Glenn has been Sakowitz’s personal hero since 1998, when as a second-grader he watched the 77-year-old senator return to space aboard the shuttle Discovery. Glenn, of course, is best known as the first American to orbit the earth, in the Mercury capsule Friendship 7 on February 20, 1962. “My grandparents were at the tickertape parade for Glenn in 1962,” says Sakowitz, and they brought back buttons and other mementos that they later shared with him. He says Glenn’s space shuttle flight, during which he became the oldest person ever to fly in space, “had a tremendous impact on me.”

Currently pursuing a master’s degree in history at St. John’s University in Queens, Sakowitz notes: “I had the great privilege of meeting Glenn several times, the first in 2014. He was extremely humble, a good listener. Some of our conversations were remarkable.” He asked Glenn why he thought Ohio became a leader in aviation, with native sons such as the Wright brothers and Neil Armstrong. “He said Ohio had a pioneer spirit and tradition of rugged individualism,” qualities that helped foster an environment of creative thinking and experimentation among the state’s early aviators, and later led 24 Ohio natives to become astronauts.

While Glenn’s service as an astronaut and U.S. senator is well known, his time in the Marine Corps has garnered less attention. After earning his pilot’s certificate in July 1941 under the Civilian Pilot Train­ing Program, Glenn enlisted in the Army Air Corps following the Japanese attack on Pearl Harbor. When he wasn’t called up, Glenn enlisted as a naval aviation cadet, and later transferred to the Marine Corps. He flew 59 combat missions in F4U Corsairs in the Pacific, and went on to fly 90 combat sorties during two Korean War tours.

John Glenn with student Adam Sakowitz in June 2016. (Adam Sakowitz)

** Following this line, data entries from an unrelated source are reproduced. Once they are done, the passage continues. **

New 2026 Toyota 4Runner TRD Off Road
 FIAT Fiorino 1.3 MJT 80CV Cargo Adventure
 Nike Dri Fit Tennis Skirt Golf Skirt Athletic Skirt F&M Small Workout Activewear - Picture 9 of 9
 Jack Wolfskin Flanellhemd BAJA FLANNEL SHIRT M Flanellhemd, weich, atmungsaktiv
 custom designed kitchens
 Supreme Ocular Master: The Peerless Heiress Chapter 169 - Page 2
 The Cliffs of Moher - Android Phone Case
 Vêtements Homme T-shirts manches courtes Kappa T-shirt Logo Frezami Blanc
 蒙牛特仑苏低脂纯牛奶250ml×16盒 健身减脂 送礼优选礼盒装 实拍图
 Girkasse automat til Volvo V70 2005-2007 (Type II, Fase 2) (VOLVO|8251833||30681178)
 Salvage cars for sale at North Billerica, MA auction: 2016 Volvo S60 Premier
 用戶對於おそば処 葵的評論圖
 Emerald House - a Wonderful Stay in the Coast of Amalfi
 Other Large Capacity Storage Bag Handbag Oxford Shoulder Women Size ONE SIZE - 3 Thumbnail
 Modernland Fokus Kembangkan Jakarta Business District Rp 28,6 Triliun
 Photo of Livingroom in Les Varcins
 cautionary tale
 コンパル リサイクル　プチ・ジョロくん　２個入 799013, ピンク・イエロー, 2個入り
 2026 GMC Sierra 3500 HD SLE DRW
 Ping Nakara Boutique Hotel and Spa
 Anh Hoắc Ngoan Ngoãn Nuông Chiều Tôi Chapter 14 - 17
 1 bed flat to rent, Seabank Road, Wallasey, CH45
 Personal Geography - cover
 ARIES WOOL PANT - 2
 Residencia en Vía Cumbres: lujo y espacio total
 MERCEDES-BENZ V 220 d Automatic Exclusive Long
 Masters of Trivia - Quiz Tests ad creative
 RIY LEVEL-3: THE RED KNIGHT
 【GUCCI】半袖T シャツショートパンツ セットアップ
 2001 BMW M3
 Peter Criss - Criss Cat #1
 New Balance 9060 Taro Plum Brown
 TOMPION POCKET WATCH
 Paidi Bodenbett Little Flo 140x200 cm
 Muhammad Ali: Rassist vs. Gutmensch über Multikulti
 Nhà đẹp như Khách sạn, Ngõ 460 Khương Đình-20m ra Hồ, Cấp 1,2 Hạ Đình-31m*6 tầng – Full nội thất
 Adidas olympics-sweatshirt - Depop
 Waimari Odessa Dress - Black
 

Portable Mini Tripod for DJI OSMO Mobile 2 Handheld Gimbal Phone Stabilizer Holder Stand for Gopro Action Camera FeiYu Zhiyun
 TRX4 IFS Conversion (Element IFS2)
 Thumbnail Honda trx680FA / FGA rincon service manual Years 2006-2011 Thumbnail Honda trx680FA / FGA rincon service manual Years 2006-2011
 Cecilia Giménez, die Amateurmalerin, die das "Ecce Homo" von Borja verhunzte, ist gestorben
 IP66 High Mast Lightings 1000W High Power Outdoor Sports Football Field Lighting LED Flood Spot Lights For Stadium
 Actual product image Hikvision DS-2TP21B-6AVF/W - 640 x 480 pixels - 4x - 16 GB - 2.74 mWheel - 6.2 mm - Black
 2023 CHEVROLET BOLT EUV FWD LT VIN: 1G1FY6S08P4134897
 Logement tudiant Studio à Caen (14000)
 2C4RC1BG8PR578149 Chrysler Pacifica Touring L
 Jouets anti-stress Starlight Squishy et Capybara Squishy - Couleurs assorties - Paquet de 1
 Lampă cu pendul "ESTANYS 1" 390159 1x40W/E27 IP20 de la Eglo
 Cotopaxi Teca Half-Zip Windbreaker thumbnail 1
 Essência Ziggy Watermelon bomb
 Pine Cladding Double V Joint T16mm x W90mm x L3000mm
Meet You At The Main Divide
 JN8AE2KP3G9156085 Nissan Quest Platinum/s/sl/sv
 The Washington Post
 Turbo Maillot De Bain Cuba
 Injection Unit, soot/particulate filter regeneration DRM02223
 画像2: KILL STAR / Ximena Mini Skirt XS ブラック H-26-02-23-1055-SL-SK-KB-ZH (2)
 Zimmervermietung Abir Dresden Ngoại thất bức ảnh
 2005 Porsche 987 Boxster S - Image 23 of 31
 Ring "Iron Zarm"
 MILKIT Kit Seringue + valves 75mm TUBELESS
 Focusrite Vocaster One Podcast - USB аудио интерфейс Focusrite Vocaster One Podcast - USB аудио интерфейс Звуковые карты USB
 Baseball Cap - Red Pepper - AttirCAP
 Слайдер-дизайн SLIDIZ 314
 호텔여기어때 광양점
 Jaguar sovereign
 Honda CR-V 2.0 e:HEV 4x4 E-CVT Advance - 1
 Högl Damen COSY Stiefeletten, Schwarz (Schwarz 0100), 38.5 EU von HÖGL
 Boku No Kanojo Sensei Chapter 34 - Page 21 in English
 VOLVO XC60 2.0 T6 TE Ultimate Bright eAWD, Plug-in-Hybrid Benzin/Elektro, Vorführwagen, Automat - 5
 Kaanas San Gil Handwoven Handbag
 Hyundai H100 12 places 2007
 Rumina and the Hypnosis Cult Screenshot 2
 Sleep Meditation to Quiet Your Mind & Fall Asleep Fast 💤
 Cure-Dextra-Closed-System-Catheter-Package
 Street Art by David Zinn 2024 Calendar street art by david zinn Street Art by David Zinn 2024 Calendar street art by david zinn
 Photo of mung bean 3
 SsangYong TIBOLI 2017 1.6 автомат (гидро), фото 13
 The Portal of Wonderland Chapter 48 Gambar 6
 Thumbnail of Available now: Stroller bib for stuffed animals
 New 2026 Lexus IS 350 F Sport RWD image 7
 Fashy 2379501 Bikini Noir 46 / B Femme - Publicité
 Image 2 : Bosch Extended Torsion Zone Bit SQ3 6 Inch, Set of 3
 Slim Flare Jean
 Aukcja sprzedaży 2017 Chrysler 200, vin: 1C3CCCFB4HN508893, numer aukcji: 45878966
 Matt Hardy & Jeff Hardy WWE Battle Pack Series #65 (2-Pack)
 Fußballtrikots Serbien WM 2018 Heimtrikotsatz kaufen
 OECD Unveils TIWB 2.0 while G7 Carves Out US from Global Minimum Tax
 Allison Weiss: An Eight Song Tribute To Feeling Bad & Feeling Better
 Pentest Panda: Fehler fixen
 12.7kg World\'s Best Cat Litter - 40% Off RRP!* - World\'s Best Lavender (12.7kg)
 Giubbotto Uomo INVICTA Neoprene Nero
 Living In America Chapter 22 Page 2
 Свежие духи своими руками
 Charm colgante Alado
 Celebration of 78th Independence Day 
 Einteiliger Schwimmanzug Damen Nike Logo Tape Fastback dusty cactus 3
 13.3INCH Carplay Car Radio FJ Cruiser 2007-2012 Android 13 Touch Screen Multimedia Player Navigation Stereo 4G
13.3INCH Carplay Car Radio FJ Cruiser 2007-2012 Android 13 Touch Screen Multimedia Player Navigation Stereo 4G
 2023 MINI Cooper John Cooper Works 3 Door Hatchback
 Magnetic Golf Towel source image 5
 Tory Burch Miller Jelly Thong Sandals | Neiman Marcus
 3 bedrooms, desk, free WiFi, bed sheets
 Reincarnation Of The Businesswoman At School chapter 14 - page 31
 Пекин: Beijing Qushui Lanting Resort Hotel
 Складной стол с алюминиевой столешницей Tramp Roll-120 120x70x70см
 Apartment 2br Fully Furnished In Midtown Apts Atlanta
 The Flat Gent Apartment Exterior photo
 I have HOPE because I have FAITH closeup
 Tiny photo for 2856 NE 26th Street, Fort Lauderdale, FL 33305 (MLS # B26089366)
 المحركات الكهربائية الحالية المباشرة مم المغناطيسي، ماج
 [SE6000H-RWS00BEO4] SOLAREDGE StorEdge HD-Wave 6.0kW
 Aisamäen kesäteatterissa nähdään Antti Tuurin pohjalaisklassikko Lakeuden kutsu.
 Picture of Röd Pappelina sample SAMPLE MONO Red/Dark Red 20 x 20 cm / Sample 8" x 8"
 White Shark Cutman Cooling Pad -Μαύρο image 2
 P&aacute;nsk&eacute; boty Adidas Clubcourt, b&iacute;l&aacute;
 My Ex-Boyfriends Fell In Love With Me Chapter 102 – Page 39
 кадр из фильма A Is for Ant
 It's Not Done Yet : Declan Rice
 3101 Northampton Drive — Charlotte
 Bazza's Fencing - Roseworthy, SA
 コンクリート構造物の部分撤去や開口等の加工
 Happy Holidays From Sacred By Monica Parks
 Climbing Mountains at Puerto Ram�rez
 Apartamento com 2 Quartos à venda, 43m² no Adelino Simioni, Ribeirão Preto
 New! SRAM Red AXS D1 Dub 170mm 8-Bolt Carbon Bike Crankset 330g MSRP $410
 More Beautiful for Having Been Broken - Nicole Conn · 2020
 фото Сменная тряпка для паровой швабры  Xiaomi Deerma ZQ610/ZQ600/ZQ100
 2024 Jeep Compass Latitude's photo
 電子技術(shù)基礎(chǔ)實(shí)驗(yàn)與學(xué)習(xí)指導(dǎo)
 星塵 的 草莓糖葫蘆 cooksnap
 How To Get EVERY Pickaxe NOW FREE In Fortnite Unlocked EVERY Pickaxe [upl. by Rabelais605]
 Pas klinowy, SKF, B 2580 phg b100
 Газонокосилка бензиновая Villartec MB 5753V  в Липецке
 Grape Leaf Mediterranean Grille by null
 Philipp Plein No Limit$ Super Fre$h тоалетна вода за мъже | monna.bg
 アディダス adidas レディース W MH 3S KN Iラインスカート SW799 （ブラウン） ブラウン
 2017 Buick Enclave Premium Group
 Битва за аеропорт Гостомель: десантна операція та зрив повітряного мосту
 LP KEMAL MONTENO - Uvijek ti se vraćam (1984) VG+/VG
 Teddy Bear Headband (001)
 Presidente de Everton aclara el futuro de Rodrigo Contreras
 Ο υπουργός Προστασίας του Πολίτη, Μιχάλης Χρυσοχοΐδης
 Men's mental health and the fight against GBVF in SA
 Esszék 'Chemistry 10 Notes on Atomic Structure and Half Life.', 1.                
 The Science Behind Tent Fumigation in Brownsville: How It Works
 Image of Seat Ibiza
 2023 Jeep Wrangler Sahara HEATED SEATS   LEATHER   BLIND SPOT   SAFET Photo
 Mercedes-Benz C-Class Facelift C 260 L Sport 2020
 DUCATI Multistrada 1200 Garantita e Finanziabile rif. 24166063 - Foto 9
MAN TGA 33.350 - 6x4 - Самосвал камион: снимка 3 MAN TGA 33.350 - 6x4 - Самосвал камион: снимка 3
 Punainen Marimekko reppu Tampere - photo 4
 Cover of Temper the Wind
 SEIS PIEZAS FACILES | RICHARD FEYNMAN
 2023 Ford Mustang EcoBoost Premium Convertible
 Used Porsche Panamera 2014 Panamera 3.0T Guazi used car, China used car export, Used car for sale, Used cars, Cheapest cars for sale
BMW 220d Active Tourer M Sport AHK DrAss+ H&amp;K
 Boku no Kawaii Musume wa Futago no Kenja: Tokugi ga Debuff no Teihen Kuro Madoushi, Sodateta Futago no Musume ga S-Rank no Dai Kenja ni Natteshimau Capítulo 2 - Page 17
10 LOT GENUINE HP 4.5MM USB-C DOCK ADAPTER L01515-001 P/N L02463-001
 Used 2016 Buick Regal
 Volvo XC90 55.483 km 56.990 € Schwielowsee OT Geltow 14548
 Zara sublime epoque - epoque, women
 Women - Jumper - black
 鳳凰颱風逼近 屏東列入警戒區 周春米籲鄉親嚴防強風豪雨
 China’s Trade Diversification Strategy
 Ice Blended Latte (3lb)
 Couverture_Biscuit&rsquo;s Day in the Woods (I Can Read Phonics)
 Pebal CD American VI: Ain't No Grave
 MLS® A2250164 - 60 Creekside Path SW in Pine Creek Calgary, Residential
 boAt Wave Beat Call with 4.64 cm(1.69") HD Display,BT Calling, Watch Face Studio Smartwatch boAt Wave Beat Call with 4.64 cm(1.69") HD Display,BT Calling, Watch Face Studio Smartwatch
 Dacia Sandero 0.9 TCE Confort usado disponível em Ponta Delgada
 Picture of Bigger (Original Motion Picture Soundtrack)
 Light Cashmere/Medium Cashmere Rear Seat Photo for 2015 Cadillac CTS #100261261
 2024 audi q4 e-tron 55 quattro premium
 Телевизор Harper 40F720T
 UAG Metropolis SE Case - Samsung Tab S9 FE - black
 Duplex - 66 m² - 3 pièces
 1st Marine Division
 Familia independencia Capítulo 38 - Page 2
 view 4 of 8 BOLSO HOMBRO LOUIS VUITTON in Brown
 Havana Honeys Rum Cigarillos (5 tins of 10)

Sakowitz thinks those early years in combat informed Glenn’s later attitudes toward nuclear proliferation—the theme of a graduate paper he recently prepared. “These men who came back from World War II lost friends and saw the horrors of war,” he explains, “and their experiences changed them for the rest of their lives.” In his paper he cites two incidents in particular that profoundly affected Glenn: the loss of his good friend and wingman 1st Lt. Miles F. Goodman Jr. to anti-aircraft fire on July 9, 1944, and a mission that December in which he dropped a new weapon—napalm—for the first time. Of the former Glenn wrote in his autobiography, “…war had suddenly become very, very personal”; of the latter, “It was terrible to think what it was like on the ground in the middle of those flames.”

“I had been through World War II and Korea and knew what happens in conventional war,” Glenn wrote. “The horror of a nuclear holocaust was beyond imagining.” As a senator, that belief led him to become the chief architect of the Nuclear Non-Proliferation Act of 1978.